BEGIN Recorded data

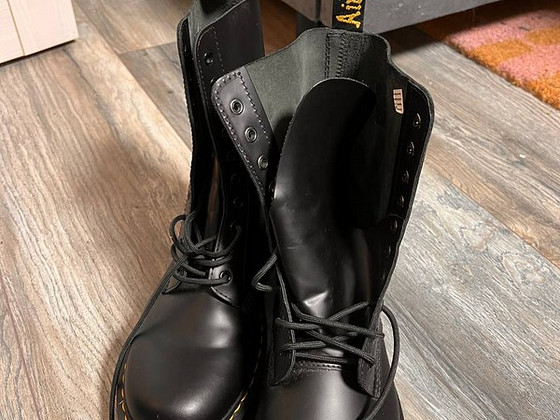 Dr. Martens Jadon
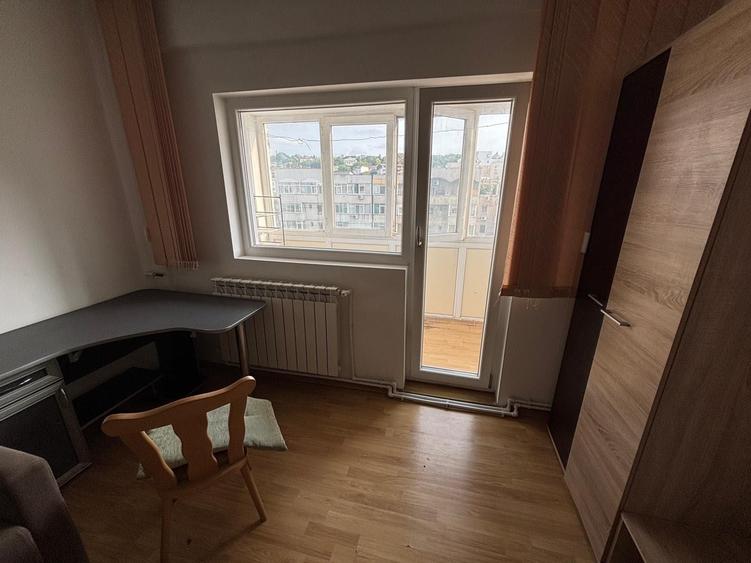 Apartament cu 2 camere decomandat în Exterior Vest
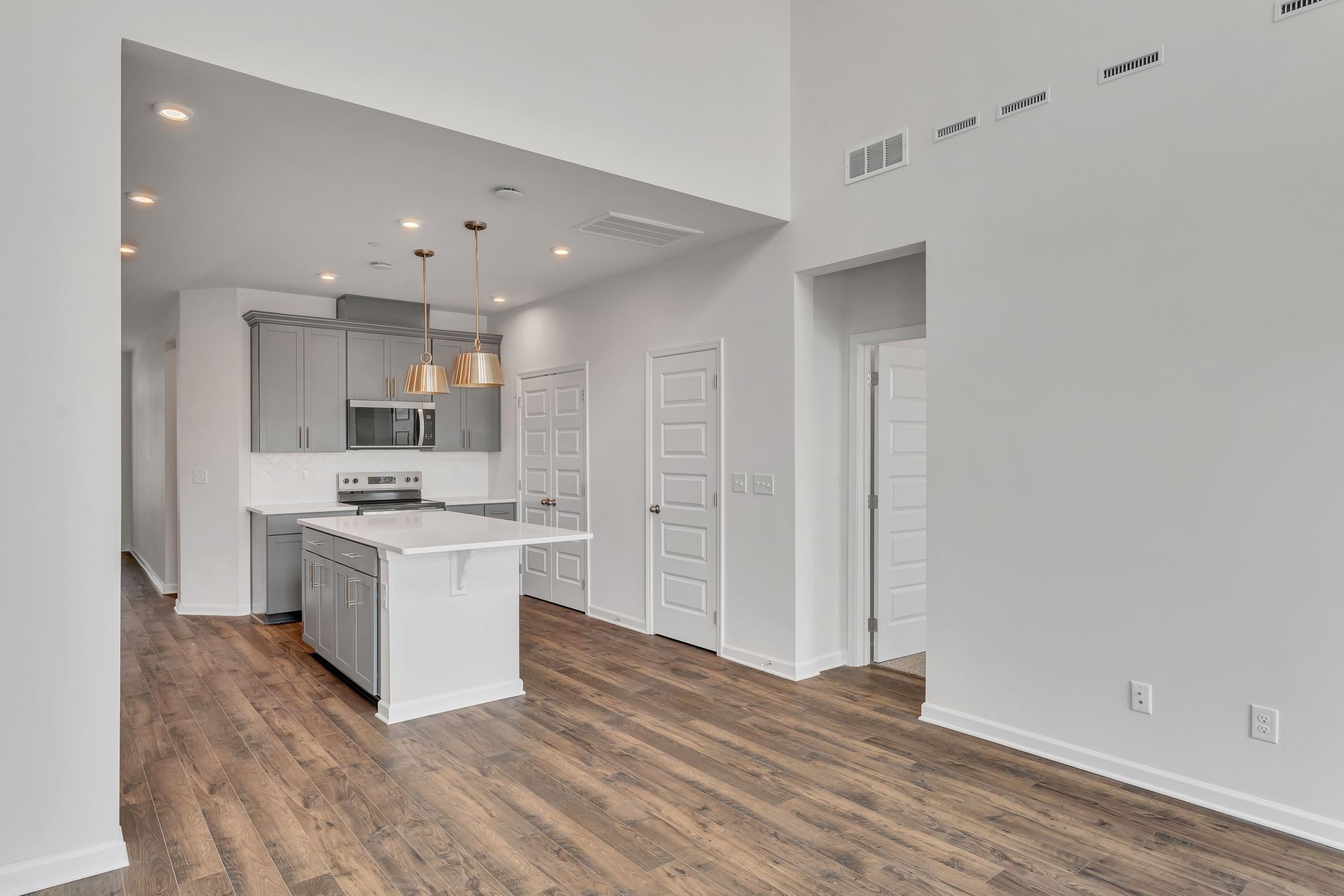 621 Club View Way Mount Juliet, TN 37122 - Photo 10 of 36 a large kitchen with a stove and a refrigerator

END Recorded data

Restating the data word for word is the task, and pictures are to be omitted.

 Dr. Martens Jadon
 Apartament cu 2 camere decomandat în Exterior Vest
 621 Club View Way Mount Juliet, TN 37122 - Photo 10 of 36 a large kitchen with a stove and a refrigerator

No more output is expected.